→ WHAT THE EXERCISE ASKS: Using the records below, copy exactly the part that opens with the line holding "2020 Ford F150" and closes with the line holding "Foto de 1900", minus the pictures.

→ GIVEN ENTRIES:
Segment Open
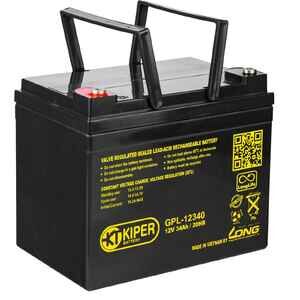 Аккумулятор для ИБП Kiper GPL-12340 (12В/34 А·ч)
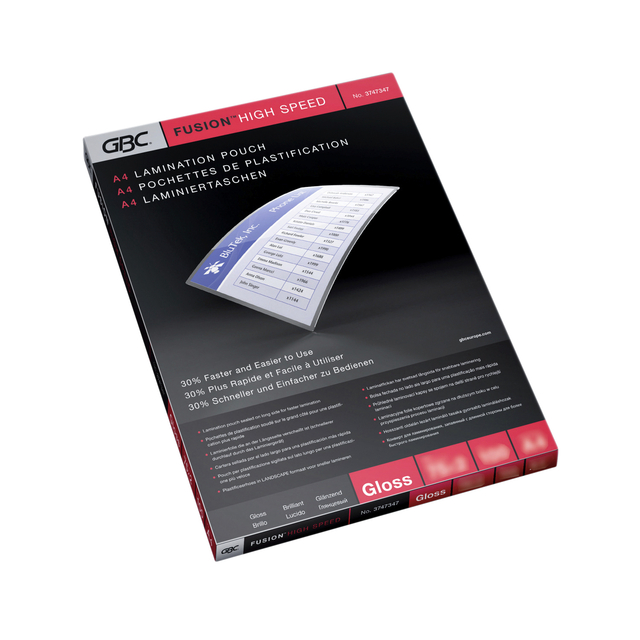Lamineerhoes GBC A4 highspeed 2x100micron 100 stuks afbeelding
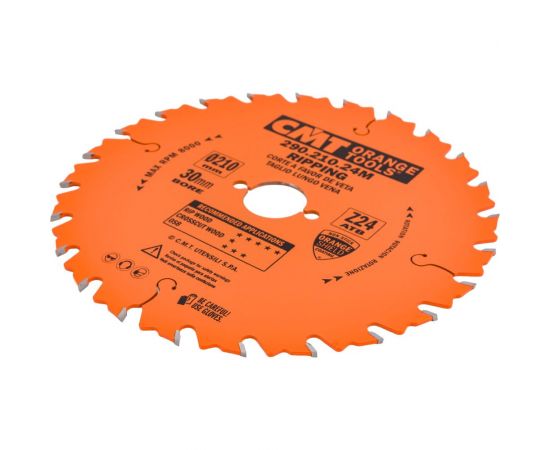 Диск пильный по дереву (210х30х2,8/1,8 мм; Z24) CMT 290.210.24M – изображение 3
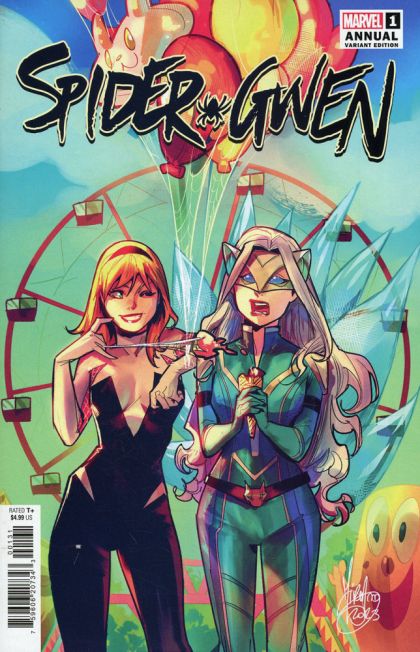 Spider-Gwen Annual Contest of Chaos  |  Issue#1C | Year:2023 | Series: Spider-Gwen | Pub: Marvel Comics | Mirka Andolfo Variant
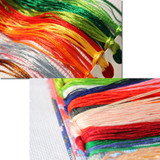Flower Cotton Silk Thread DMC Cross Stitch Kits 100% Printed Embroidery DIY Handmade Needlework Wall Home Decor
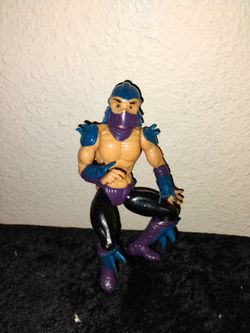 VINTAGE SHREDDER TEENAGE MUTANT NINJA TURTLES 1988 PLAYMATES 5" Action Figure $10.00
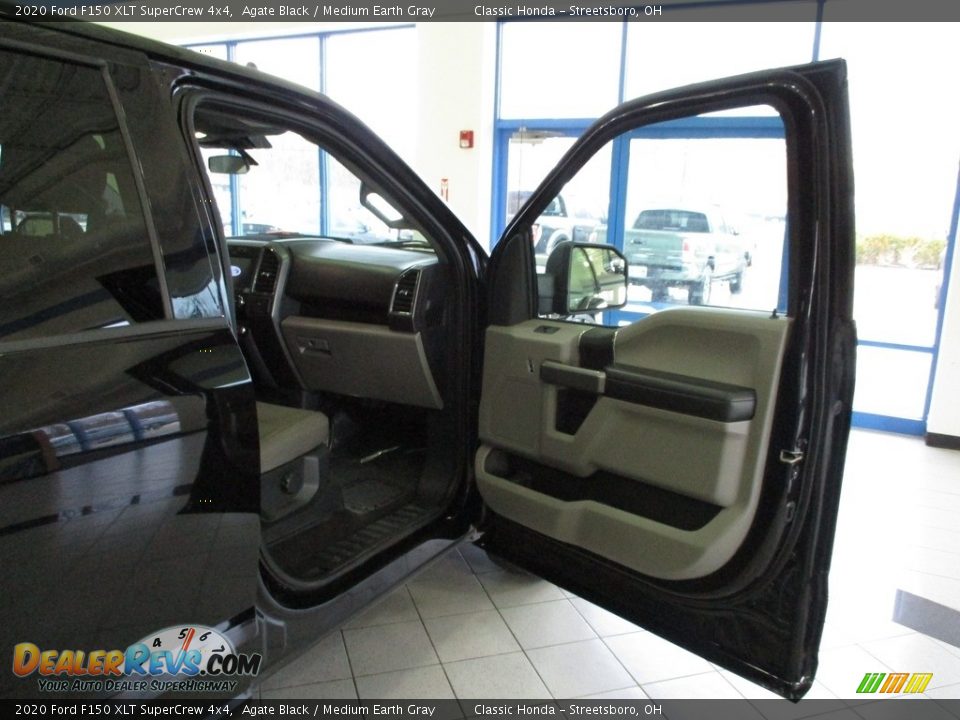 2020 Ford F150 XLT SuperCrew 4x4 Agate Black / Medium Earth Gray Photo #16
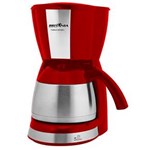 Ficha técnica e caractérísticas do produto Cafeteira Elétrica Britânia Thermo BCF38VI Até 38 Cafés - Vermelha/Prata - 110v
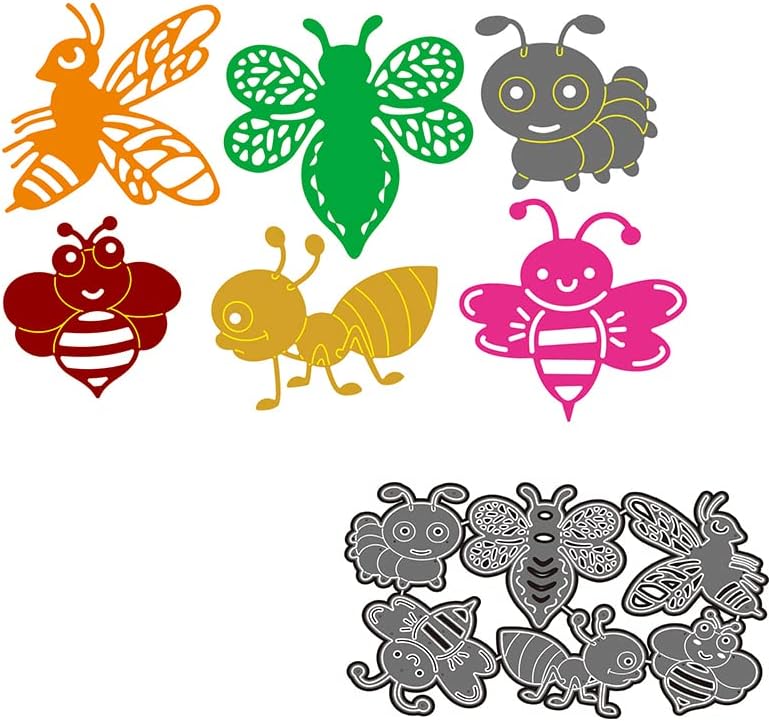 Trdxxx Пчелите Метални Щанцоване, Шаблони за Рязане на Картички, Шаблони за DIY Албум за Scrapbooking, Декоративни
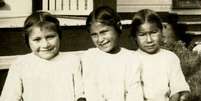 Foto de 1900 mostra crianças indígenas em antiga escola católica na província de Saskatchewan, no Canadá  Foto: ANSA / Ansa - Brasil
Segment Closed
Segment Open
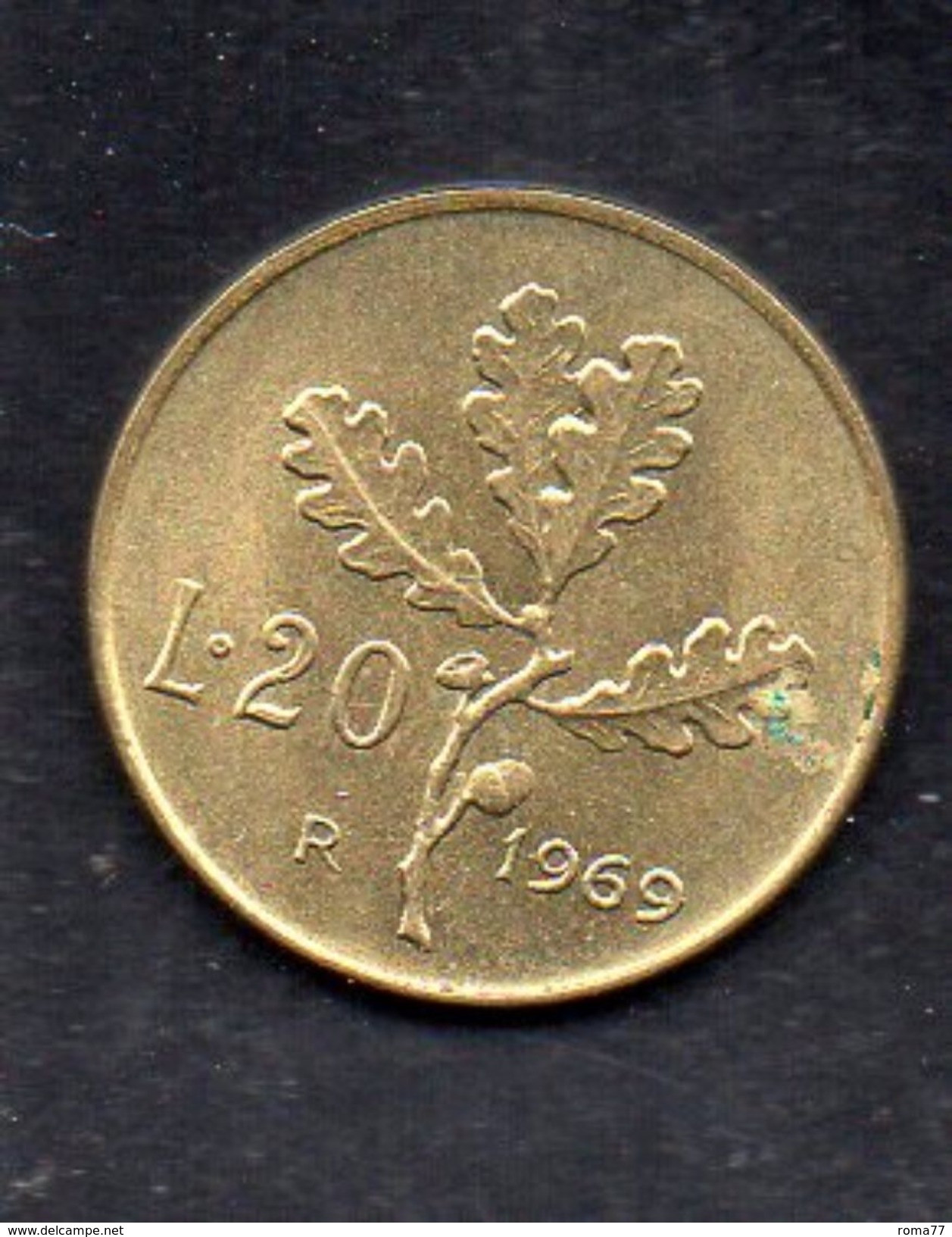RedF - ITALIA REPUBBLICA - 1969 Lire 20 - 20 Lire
Segment Closed
Segment Open
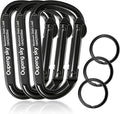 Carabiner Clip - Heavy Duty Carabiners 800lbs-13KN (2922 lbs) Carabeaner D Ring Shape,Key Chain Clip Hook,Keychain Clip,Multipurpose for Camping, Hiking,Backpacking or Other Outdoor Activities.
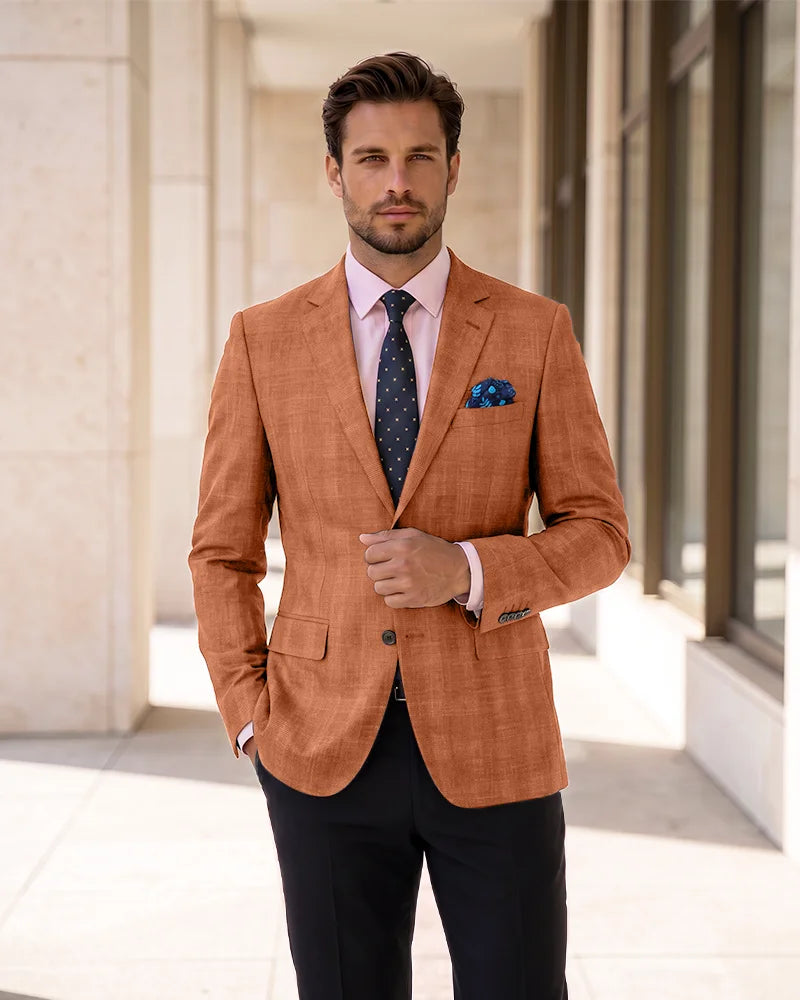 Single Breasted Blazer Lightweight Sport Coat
Segment Closed
→ TASK OUTPUT:
 2020 Ford F150 XLT SuperCrew 4x4 Agate Black / Medium Earth Gray Photo #16
 Ficha técnica e caractérísticas do produto Cafeteira Elétrica Britânia Thermo BCF38VI Até 38 Cafés - Vermelha/Prata - 110v
 Trdxxx Пчелите Метални Щанцоване, Шаблони за Рязане на Картички, Шаблони за DIY Албум за Scrapbooking, Декоративни
 Foto de 1900 mostra crianças indígenas em antiga escola católica na província de Saskatchewan, no Canadá  Foto: ANSA / Ansa - Brasil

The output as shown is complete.